◆ **WHAT TO PRODUCE**
When you write out the listing, keep every character and omit the pictures.

◆ **INFORMATION SHOWN**
◇ ◇ ◇ ◇ ◇ ◇ ◇

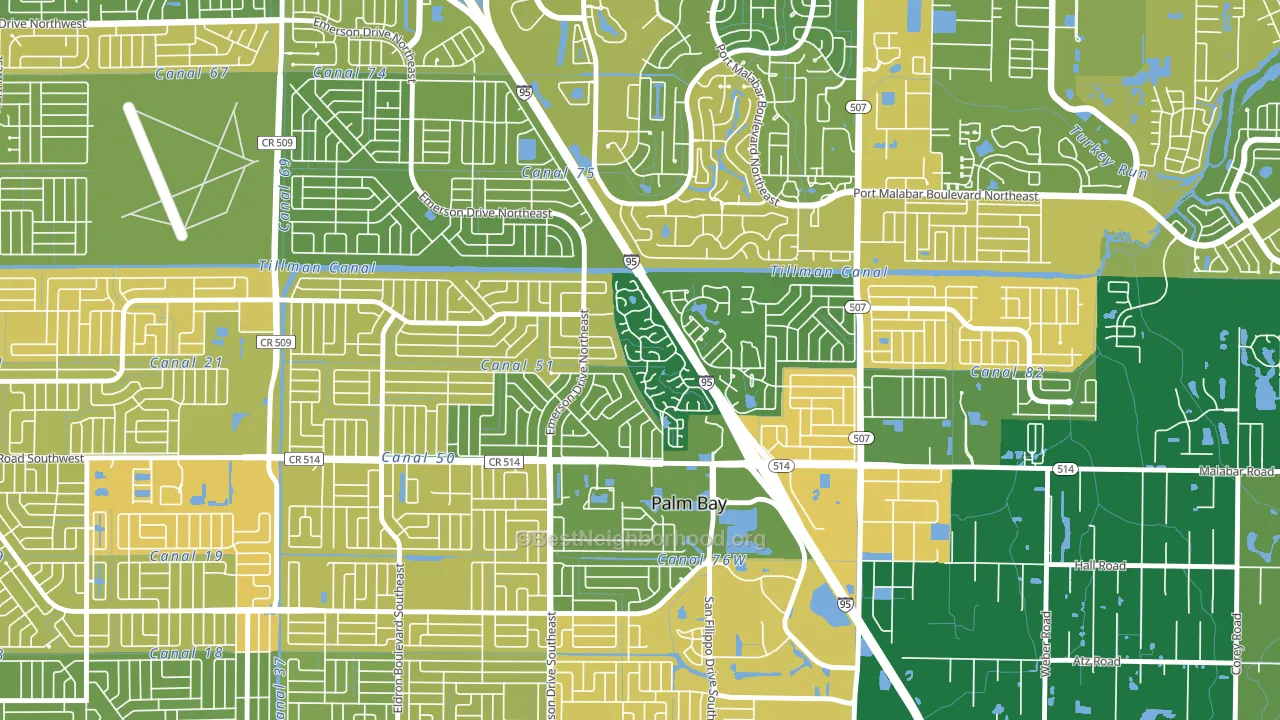 Holiday Park, Palm Bay, FL block-group voter-turnout map
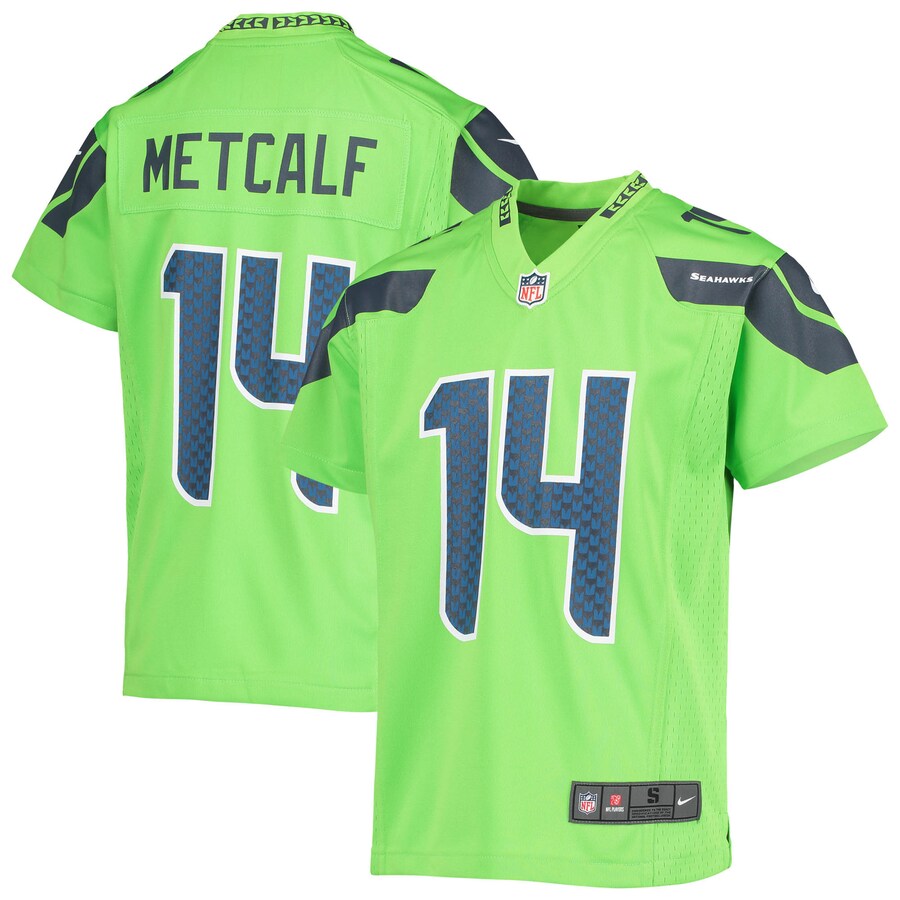 Youth Seattle Seahawks DK Metcalf Nike Neon Green Game Jersey - ujerseystore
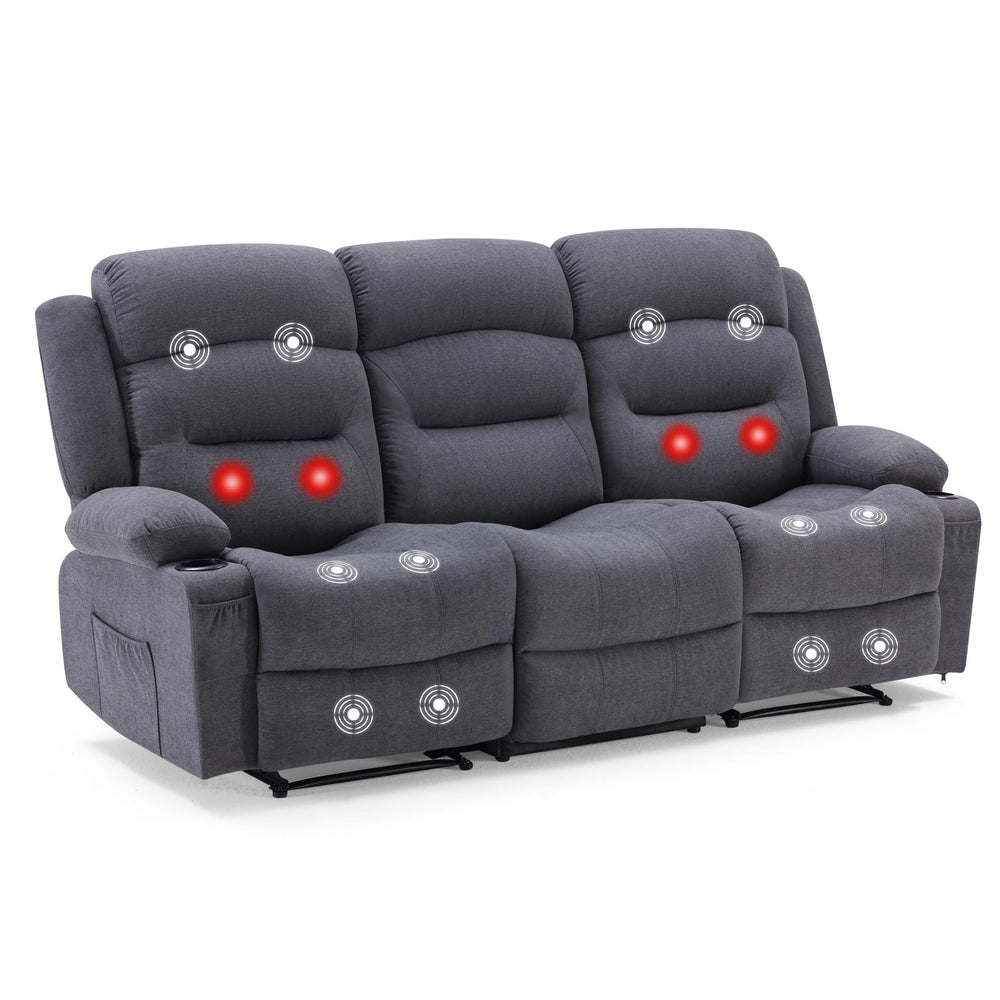 3-Seater Recliner Sofa with Heat, Massage & USB Port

◇ ◇ ◇ ◇ ◇ ◇ ◇

◆ **RESPONSE BELOW**
 Holiday Park, Palm Bay, FL block-group voter-turnout map
 Youth Seattle Seahawks DK Metcalf Nike Neon Green Game Jersey - ujerseystore
 3-Seater Recliner Sofa with Heat, Massage & USB Port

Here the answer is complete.